____ DATA PROVIDED
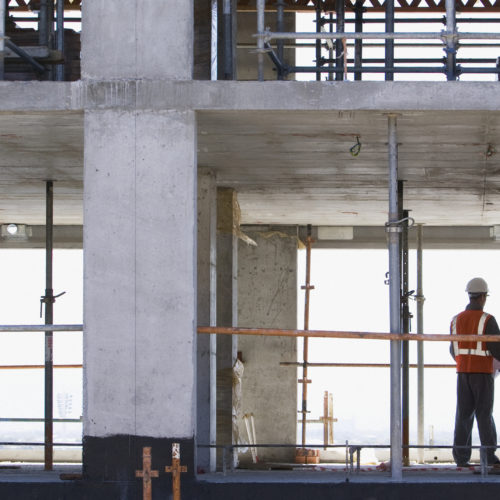 Construction workers standing together on construction site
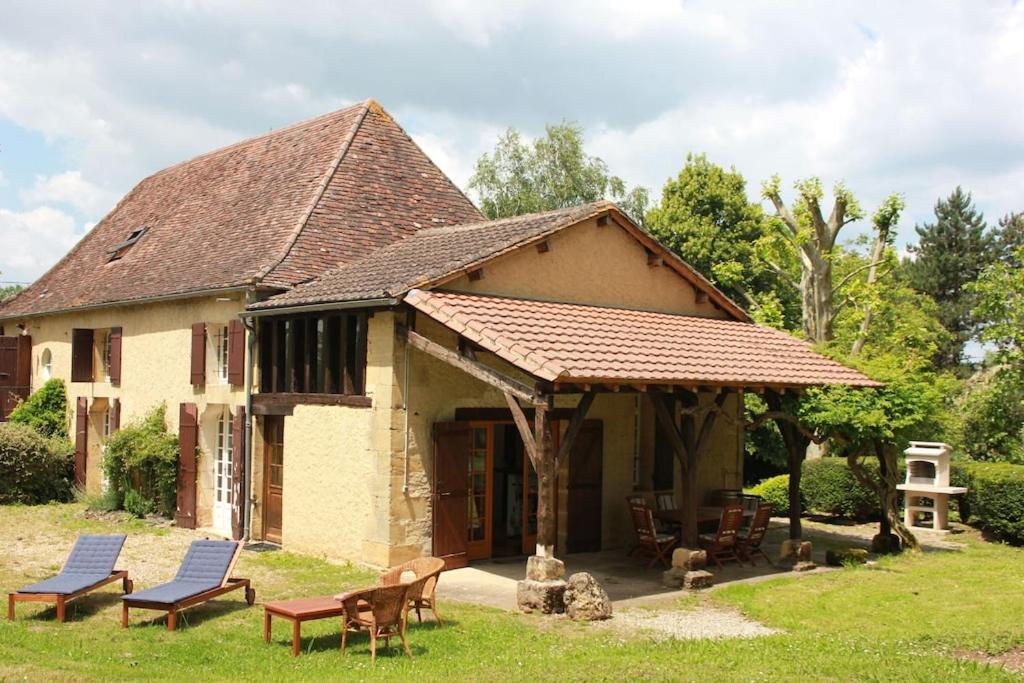 ein kleines Haus mit Stühlen und einem Dach in der Unterkunft Le Cireysou - Secluded farmhouse with large private pool and grounds in Saint-Germain-et-Mons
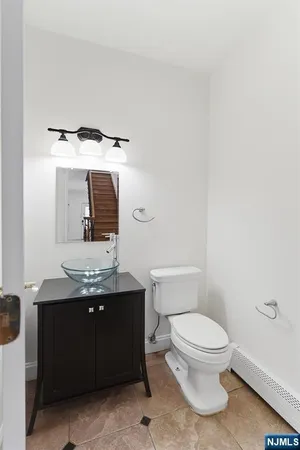 a bathroom with a granite countertop toilet sink and mirror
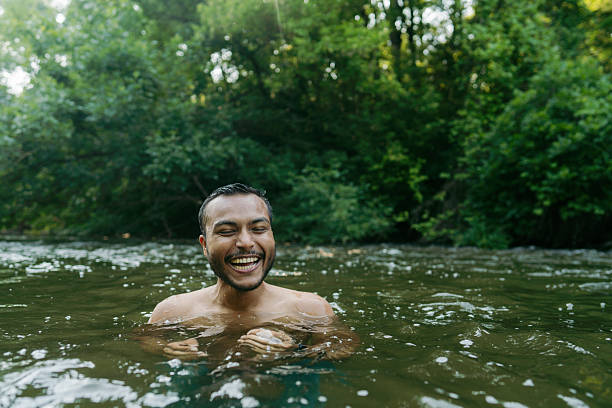 Photo of a young Asian man swimming in the river, on a hot summer day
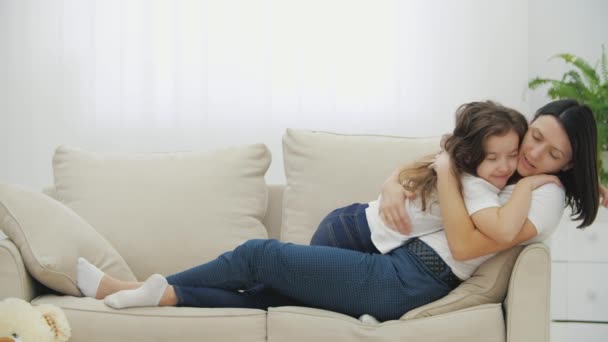 Linda niña y madre encantadora están tumbadas en el sofá, sonriendo, besándose y abrazándose. — Vídeo de stock
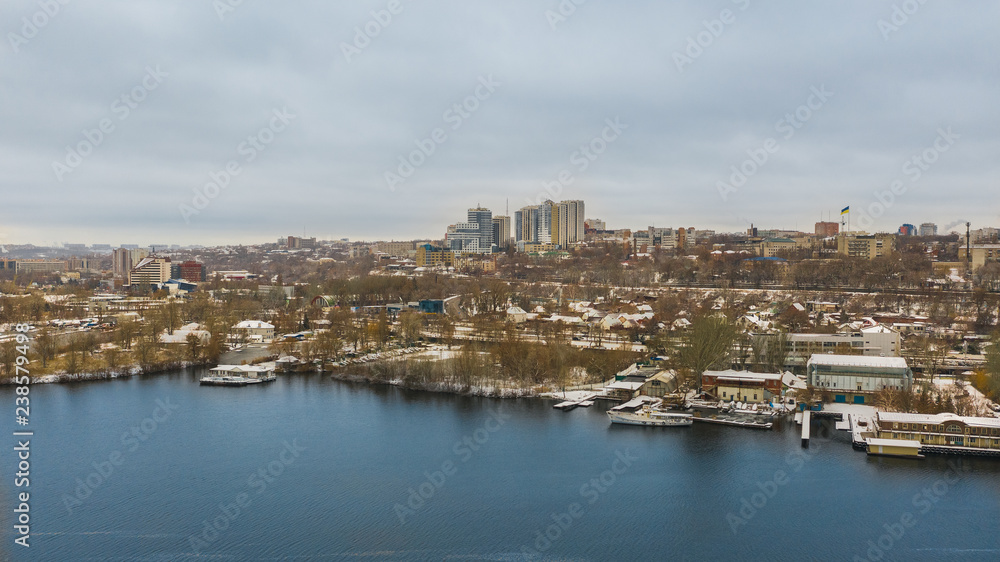 Aerial view from drone on the cityscape on the shore of Dnieper river in  Dnipro city, Ukraine.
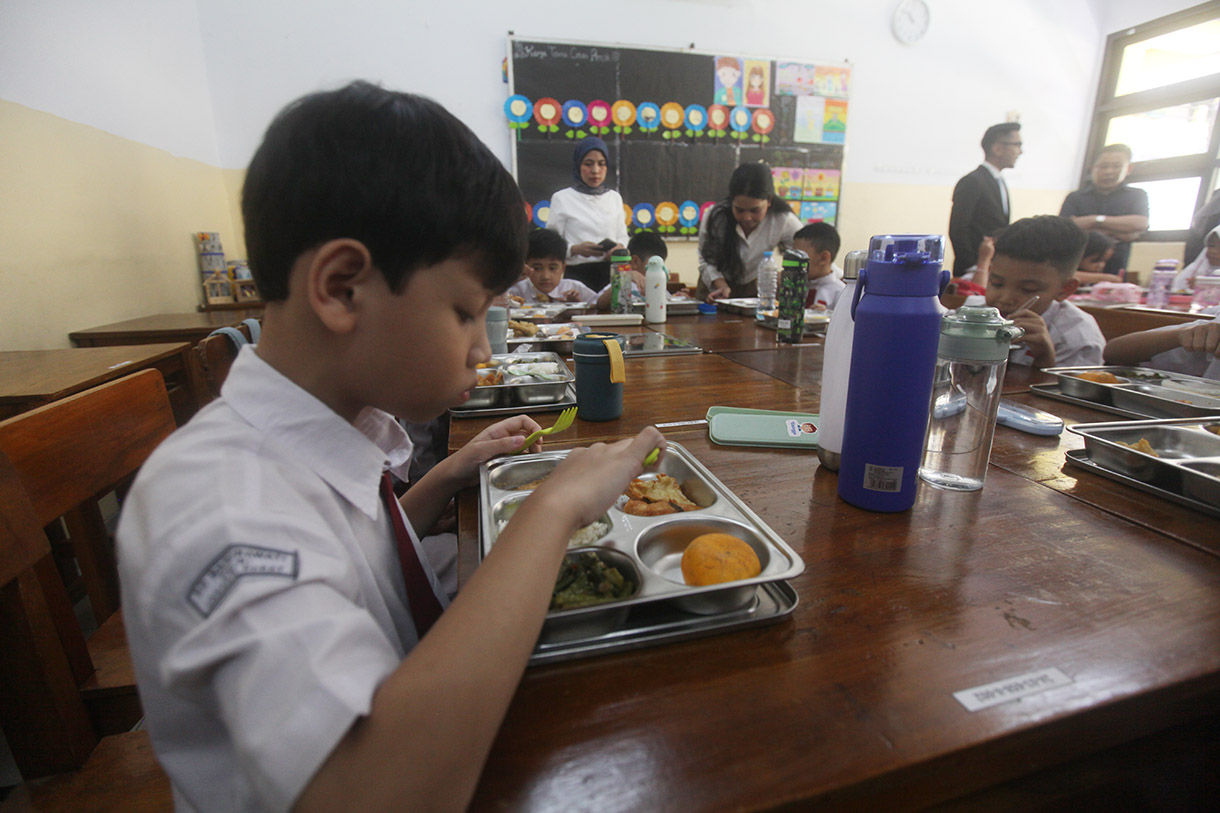 Murid menyantap makanan bergizi gratis di SD Barunawati Slipi, Jakarta, Senin (6/1/2025).(BeritaNasional.com/Oke Atmaja)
________
# TO DO
Your task is to reproduce exactly the lines from the start of the data above through the line containing "Linda niña y", leaving every picture out.

# RESULT BELOW
 Construction workers standing together on construction site
 ein kleines Haus mit Stühlen und einem Dach in der Unterkunft Le Cireysou - Secluded farmhouse with large private pool and grounds in Saint-Germain-et-Mons
 a bathroom with a granite countertop toilet sink and mirror
 Photo of a young Asian man swimming in the river, on a hot summer day
 Linda niña y madre encantadora están tumbadas en el sofá, sonriendo, besándose y abrazándose. — Vídeo de stock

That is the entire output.